# sims 3



## Sharnie (May 4, 2010)

Sorry I was wondering if the sims 3 would run on my computer. 
Mac Os x 10.5.8 
 Processor Name:	Intel Core 2 Duo
  Processor Speed:	2.4 GHz
Memory:	2 GB
free space: 94.59 gb
 Chipset Model:	GMA X3100

If I havent put up enough information - forgive me I'm a computer novice.
http://www.simprograms.com/the-sims-3-mac-requirements-now-posted/


----------



## Giaguara (May 5, 2010)

Hi Sharnie, 
It should work just fine on your system.


----------



## Sharnie (May 7, 2010)

Giaguara said:


> Hi Sharnie,
> It should work just fine on your system.

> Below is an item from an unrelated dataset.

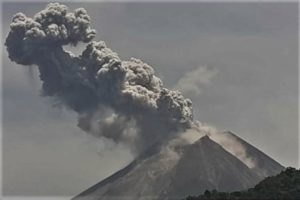 Lire la suite à propos de l’article January 06, 2020. EN . Indonesia : Merapi , Kamchatka : Klyuchevskoy , Ecuador : Sangay , Guatemala : Fuego , Mexico : Popocatepetl .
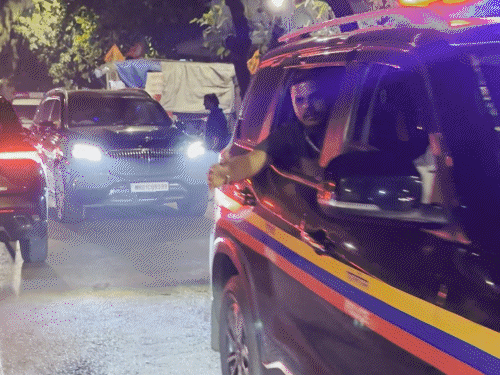 एक्टर सलमान खान प्रेयर मीट में भारी सिक्योरिटी के साथ शामिल होने पहुंचे हैं।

Oh great Thank you very much! I'm very excited!


----------



## sam.mark (Sep 7, 2010)

hey thr, lokin at the config of your computer, it should work just fine....


----------



## Satcomer (Sep 7, 2010)

sam.mark said:


> hey thr, lokin at the config of your computer, it should work just fine....



I think she has already installed the Game back in May.


----------



## ccfreedom36 (Dec 6, 2010)

Who try to play sim 3 on the mac and then told me that fun.


----------